Building an Ongoing Case For A New Wall in Mortgage Rates

We’ve spoken in the past about “walls” that crop up in the course of Mortgage Rate movements.  We’re now seeing a similar case for 4.25% as it continues to insulate borrowers from higher rates even during the recent (October) weakness in mortgage rates.  It looked at risk as we took somewhat of a beating
yesterday but markets were able to undo a reasonable amount of that damage today.  Rates aren’t quite as good as they were on
Wednesday afternoon, but after yesterday’s drama, it’s a relief to merely be
improved.

Best-Execution won’t necessarily
have improved for every scenario, but at the very least, you should see a
reduction in closing costs if your note rate is unchanged today.  Lender offerings again became more stratified
as we start to push back from “the wall” at 4.25% 

Today’s Rates: 

  • BESTEXECUTION 30YR FIXED –   4.25% but more 4.125% today.
  • FHA/VA
    3.875%.  Some 3.75’s out there,
    fewer 4.0’s
  • 15 YEAR FIXED
    –  3.5-3.625%
  • 5 YEAR ARMS –  low
    3% range, huge variations from lender to lender.

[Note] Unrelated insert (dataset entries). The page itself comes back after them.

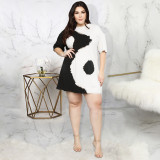 Plus Size Black and White Print Half-Sleeve Slim Fit Mini Dress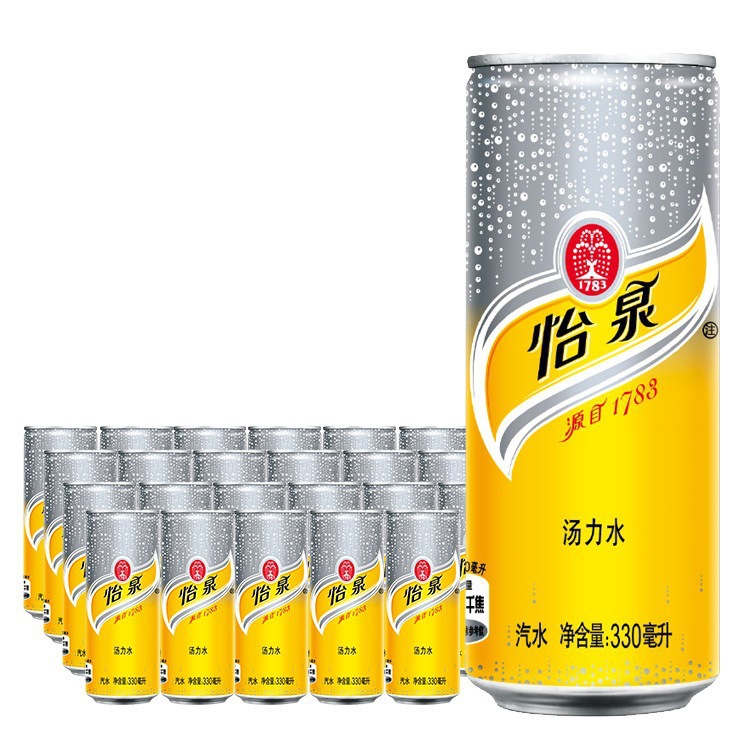 可口可乐 怡泉苏打水干姜水汤力水330ml*24听整箱装碳酸饮料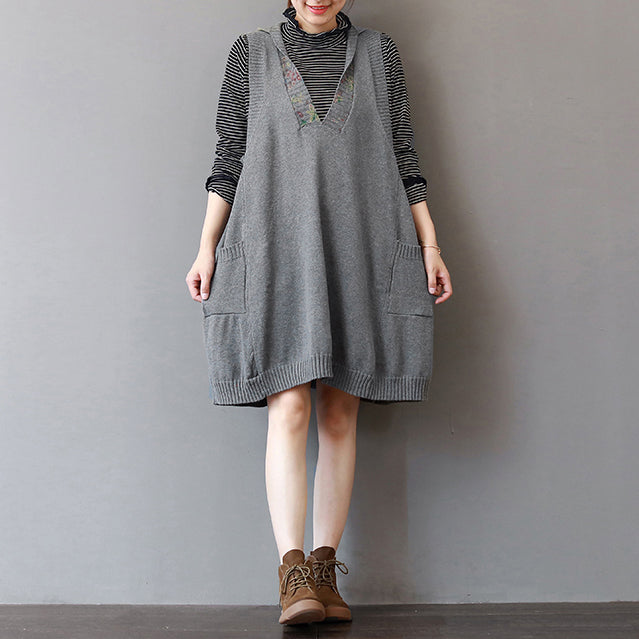 Cozy Green Sweater Dress Sleeveless Pullover Sweater Hooded Dress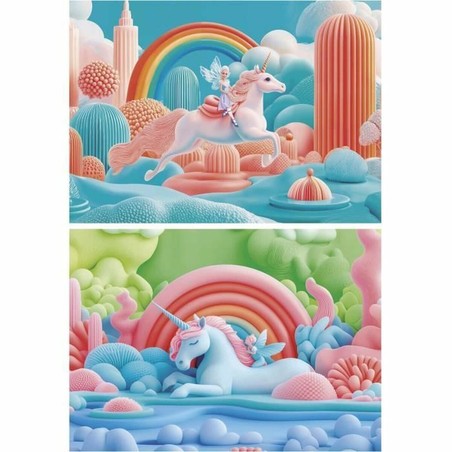 Dos puzzles de unicornios, no **bloques madera ecológicos**, pero sí de cartón resistente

Today’s Guidance: Yesterday we noted that lenders may not move rates much today
even if markets were active.  That was
indeed the case as 4.25% is still the prevalent Best-Execution rate even though
the secondary mortgage market erased yesterday’s losses.  Even so, the improvements seen today could
provide some much-needed relief  for
anyone who didn’t lock earlier in the week. 
The biggest positive indication from this week is that the new “wall” at
4.25% continues to hold.  Some other
positive news seems to be that whether or not it continues to hold may actually
have more to do with DOMESTIC events next week as opposed to unexpected and
unscheduled headlines out of Europe.  Don’t
get us wrong, the latter remains a concern and a threat, but with an FOMC
Announcement and an Employment Report next week, things at home are extremely
important (and markets will view them as extremely informative).   That’s not a guarantee that rates will
improve though, just a note that we might be able to observe more connection
between scheduled economic data and market movements.  Locking and Floating remains the same kind of
game it has been…  Rates in the low 4’s,
locking is the default guidance. 
Aggressive floaters with the fortitude to lose money if the market moves
against them (or lose the deal altogether) are still waiting for a 4.375%
Best-Execution (broken “wall”) move before being forced into locking.  On the other hand, if you picked up an extra
eighth of a point in rate today, it’s worth considering that each additional
eighth will be harder to get until AFTER next week’s events (and they’d have to
be generally economically negative for rates to improve).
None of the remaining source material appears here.